Self-Correcting Systems

Posted on Jul 2

Your AI Obeys Rules That Expired. So Do You.

#ai #career #discuss #psychology

You told yourself you would stop. Biting your nails, reaching for your phone the second it buzzes, the road you don't drive anymore that your hands still turn onto. You decided, consciously, with the whole front of your brain, that the rule was retired. And your body kept running it anyway.

There is a reason, and it is not weakness. When you repeat an action enough, your brain moves it off the deliberate circuit and onto an automatic one. Wendy Wood, who has spent decades studying this, describes it this way: a mature habit lives in procedural memory, which shields it from the abstract knowledge and judgment you would otherwise use to override it. The habit is protected from what you now know. You updated the instruction upstairs. The old one keeps executing downstairs, where your new knowledge can't reach it.

That is the exact problem I work on. I just usually work on it in machines.

The part I didn't tell you last time

I build a tool that audits the memory of AI agents. The one-line pitch is "find the old instructions your AI should stop obeying." I already wrote up the day I pointed it at my own files and it flagged my own product slogan as a stale instruction. That was funny, and I won't re-run the whole thing here.

Here is what happened after, which I haven't written down until now, and it is the better story.

I fixed the false alarm. The old detector matched loose vocabulary, so I tightened it to require real supersession language before it fires. Sensible. Then it flagged the paragraph I wrote describing the fix, because that paragraph contained the word "superseded." The tightened detector reproduced the original bug one level up. And that same afternoon it walked straight past a genuinely stale plan sitting in another file, a real retired instruction that almost steered live work weeks earlier, because that plan was written in plain prose and never announced itself with a keyword.

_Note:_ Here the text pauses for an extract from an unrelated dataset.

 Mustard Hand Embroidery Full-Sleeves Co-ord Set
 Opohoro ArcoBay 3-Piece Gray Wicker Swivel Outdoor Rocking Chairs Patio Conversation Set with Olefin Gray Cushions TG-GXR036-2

Nazar Boyko had already called it in the comments. He asked whether tightening the detector to require those keywords just walks right back into the prose case I had flagged as the harder one, because the false positive and the false negative come from the same root cause: reading vocabulary instead of the authority relationship. He was right, and my recursive fix is his prediction proven on my own machine within the day. Mike Czerwinski and mote named the same mechanism from other angles, token match versus predicate structure, the difference between using a word and only mentioning it. This is the correction loop I actually want to offer you. Not a tool that never fails. Failures that get named, published, and credited to the readers who saw them, sometimes against me, within a day.

The word underneath all of it

The sentence my own work keeps returning to is this: relevance is not authority.

A memory showing up when you need it is not the same as that memory being in charge. Finding the right note and obeying the right note are two different acts, and the gap between them is where everything goes wrong. The road to your old job is intensely relevant every single morning. It has zero authority over where you are actually going.

Machines and minds run on the same bug here. Whatever holds your instructions, a memory file or a nervous system, keeps executing them past their expiry unless something re-derives whether they still deserve to run. Agents do not automatically re-authorize their own memory. Neither do you. The old rule keeps its badge because nobody ever asks it to show the badge again.

Patching blindspots is not the fix

So the obvious move is to catch the bad rule. Patch the blindspot. And that works, once. Then a new blindspot shows up in a shape you didn't anticipate, and you patch that one. You can spend forever patching blindspots and never once build the thing that makes patching unnecessary, because you are always exactly one unexpected case behind. At some point the honest question stops being "which rule was wrong" and becomes "why does this system assume the day will go as planned at all."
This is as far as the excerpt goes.